No need to explain the folks-next-door image any more. The room has suddenly turned into a script for “Ethel and Albert.” Paul bursts in with a mug of iced lager, beaming like the kid who just won the potato-sack race. “Just got the news! Rachel is going to open the San Francisco Film Festival in October!”
“Sit down and eat some celery before you blow your cool,” says Joanne, sounding like she was back in the freshman dorm at Louisiana State University. “Paul’s trying to stop smoking and he has to eat celery.”
Paul is lying on the floor in his tennis shorts, showing me how he keeps his stomach flat after drinking so much beer. We’re suddenly both on the floor, raising our legs and pushing our heads through our knees to stretch our stomach muscles while two cats named Snowflake and Black Basil are walking across our chests. “That Black Basil is going to be a great prick when he grows up,” says Paul on a deep knee-bend.
“How dare you say that?” gasps Joanne, indignant. “Black Basil has more dignity than any cat I know.”
“We have five cats and they’re all pricks,” says Paul to his kneecaps. “We’re the only people I know who carry more dog and cat boxes on planes than luggage.”
“We only have four cats now. Cassandra wandered off and we never did find her. She was a great striped cat with eight fingers on each toe.”
“Eight fingers on each toe,” gasps Paul between stomach bends on the floor. “That is the most ridiculous thing I ever heard of!”
It is quite obvious by now that the interview is over. The kids are home, flying through the house totally unlike anybody’s idea of what Hollywood children were like in the old Margaret O’Brien days, chased by the barkingest, howlingest contingent of neighborhood dogs this side of the Los Angeles City Pound. Two makeup artists from Universal are waiting upstairs to Max Factor Joanne into another of the many faces of Eve for the film she is currently working on, a race-car movie called Winning with Paul and Robert Wagner. Dignified? Snobby, now that she is the star of a very important new art-house movie everybody’s talking about? “Ha!” cackles Joanne. “We’re calling the new movie ‘Cool Hand Luke Finds Rachel in the Sack with The Thief!’”

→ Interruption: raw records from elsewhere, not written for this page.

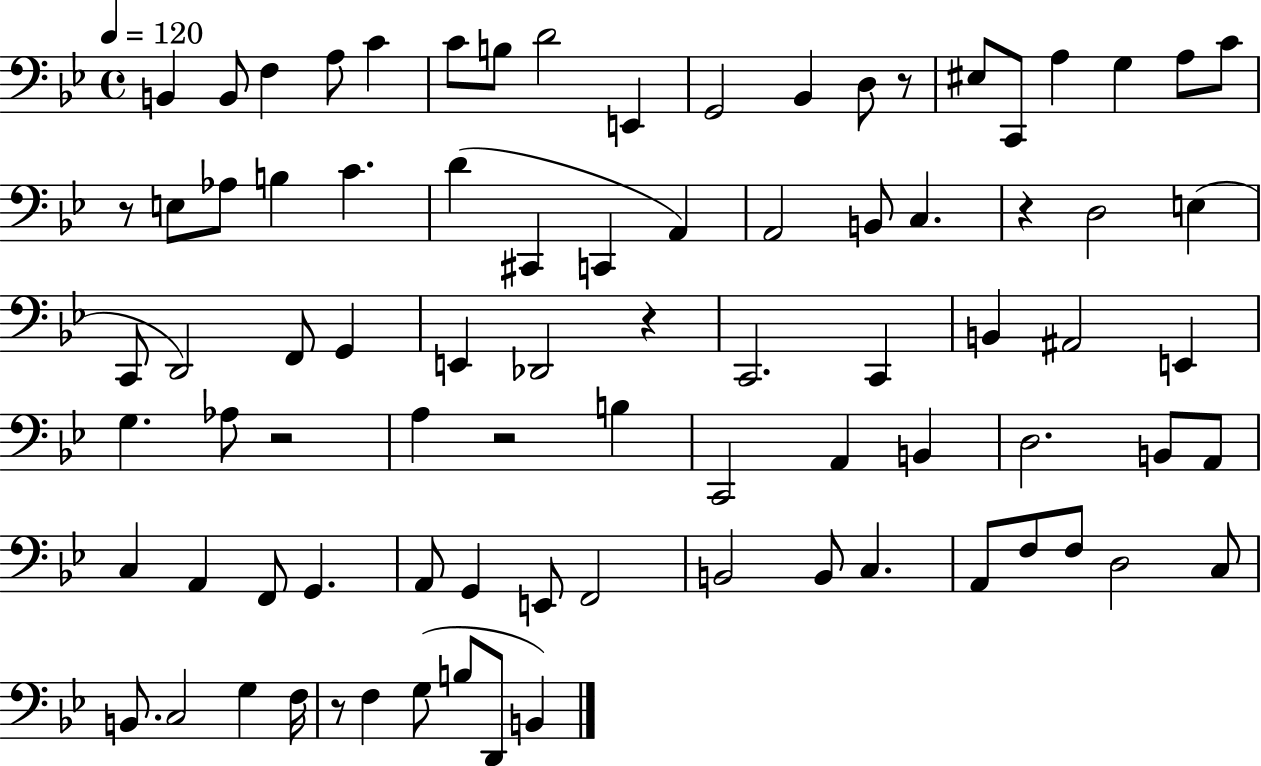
{
  \clef bass
  \time 4/4
  \defaultTimeSignature
  \key bes \major
  \tempo 4 = 120
  b,4 b,8 f4 a8 c'4 | c'8 b8 d'2 e,4 | g,2 bes,4 d8 r8 | eis8 c,8 a4 g4 a8 c'8 | \break r8 e8 aes8 b4 c'4. | d'4( cis,4 c,4 a,4) | a,2 b,8 c4. | r4 d2 e4( | \break c,8 d,2) f,8 g,4 | e,4 des,2 r4 | c,2. c,4 | b,4 ais,2 e,4 | \break g4. aes8 r2 | a4 r2 b4 | c,2 a,4 b,4 | d2. b,8 a,8 | \break c4 a,4 f,8 g,4. | a,8 g,4 e,8 f,2 | b,2 b,8 c4. | a,8 f8 f8 d2 c8 | \break b,8. c2 g4 f16 | r8 f4 g8( b8 d,8 b,4) | \bar "|."
}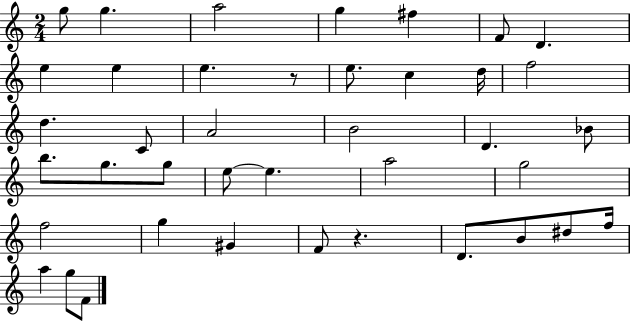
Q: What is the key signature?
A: C major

She stands giggling in the kitchen door, with the baby in one arm and two dogs yapping at her bare feet. “I’m the only movie star who still rides the Super Chief. I’m taking the train back to Connecticut next week, then Paul starts a new western in Mexico and I’ll come back so he can come home on weekends. If we get rid of him one night, come on over for soul food. Turnip greens, cornbread and sweet potato pie. He hates it.”
Walking down the driveway into the periwinkle blue California day, I’m suddenly confronted by a carful of tourists reading a guide to movie-star homes, leaning out of a car with Oklahoma license plates. “Who lives there, in that house?” they ask, opening their Brownie cases and staring bewilderingly from their map to the sign on the sculptured lawn.
“Just ordinary people.” And behind the door that is being closed by the blonde Scarlett O’Hara nobody recognized, you can still hear the dogs barking as the car pulls away, disappointed.